On the other hand, perhaps the large cloud providers bring a level of complexity that outweighs their skills at keeping everything up. What I mean is, a basic redundancy and failover setup with two data centers is kind of straightforward. Sure you need a person on call 24/7 to oversee it, but it's conceptually not that complicated. And if you're running bare metal, you get a surprising level of performance per dollar and rack unit. On the other hand, the big clouds are immensely complex with multiple layers of software defined networking, millions of tenants, thousands of employees, acres of floor space, org charts, etc. If you're running your own infra as one competent sysadmin, you know nobody else in another department will push a networking code change that will break your shit in the middle of the night. Maybe it's not right for everyone, but it's not unreasonable to go on prem in 2021 despite the popular opinions otherwise. Source: my company runs on prem and routinely has 100% uptime years. Most unplanned downtime occurs early on a Sunday morning following a planned action during a maintenance window.

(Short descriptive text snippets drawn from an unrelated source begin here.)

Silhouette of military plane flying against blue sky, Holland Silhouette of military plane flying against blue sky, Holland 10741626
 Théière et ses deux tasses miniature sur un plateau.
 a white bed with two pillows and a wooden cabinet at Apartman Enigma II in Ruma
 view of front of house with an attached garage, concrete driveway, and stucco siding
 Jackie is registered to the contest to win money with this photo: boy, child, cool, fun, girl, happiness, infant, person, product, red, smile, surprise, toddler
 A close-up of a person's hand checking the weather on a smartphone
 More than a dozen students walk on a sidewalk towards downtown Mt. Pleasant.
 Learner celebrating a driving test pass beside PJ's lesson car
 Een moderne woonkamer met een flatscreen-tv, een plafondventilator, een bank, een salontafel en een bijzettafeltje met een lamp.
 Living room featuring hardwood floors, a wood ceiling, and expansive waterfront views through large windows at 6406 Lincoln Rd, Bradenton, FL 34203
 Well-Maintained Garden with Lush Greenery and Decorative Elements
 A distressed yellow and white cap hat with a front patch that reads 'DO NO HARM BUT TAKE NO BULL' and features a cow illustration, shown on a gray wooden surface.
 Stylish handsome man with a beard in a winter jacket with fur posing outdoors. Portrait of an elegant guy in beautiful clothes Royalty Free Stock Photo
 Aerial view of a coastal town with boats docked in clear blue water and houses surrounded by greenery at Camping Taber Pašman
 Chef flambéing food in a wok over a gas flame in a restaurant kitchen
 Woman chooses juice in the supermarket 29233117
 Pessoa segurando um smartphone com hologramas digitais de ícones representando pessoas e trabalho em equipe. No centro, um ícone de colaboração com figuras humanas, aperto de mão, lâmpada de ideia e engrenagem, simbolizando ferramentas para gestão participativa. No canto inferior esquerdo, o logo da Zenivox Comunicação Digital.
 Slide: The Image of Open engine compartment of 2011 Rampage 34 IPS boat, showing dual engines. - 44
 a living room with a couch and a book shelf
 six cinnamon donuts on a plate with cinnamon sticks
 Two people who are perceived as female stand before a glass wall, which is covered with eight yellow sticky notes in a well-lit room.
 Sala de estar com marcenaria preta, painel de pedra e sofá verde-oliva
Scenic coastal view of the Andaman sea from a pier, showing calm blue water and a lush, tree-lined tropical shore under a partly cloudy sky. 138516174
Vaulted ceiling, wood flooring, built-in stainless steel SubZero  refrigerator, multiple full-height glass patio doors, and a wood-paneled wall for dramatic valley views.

I was and continue to be surprised how reliable even old servers are. I run a small homelab (Debian VMs on Proxmox; a Docker host, a jumpbox, a NAS running ZFS, etc.) on seven year old hardware, and all of my problems are self-imposed. If I leave everything alone, it just works.

As a counterpoint, though, my last place had a large Java app, split between colo'd metal and AWS. Seemed like the colo'd stuff failed more (bad RAM mostly, a few CPUs, and an occasional PSU). Entirely anecdotal.


> Can you make your on prem infrastructure go down less than Amazon's?

Obviously depends on what you need, but for a small to medium web app that needs a load-balancer, a few app servers, a database and a cache, yes absolutely - all of these have been solved problems for over a decade and aren't rocket science to install & maintain.

> Is it worth it?

I'd argue that the "worth" would be less about immunity to occasional outages but the continuous savings when it comes to price per performance & not having to pay for bandwidth.

> overestimate how important it is for their services to run uninterrupted.

Agreed. However when running on-prem, should your service go down and you need it back up, you can do something about it. With the cloud, you have no choice but to wait.


I have run high availability (HA) systems in prem and your statement vastly understates the difficulty and expense.

You need multiple physical links in running to different ISPs because builders working on properties further down the street could accidentally cut through your fibre. Or the ISP themselves could suffer an outage.

You need a back up generator and to be a short distance away from a petrol station so you can refuel quickly and regularly when suffering from longer durations of power outages. You absolutely do not want to run out of diesel!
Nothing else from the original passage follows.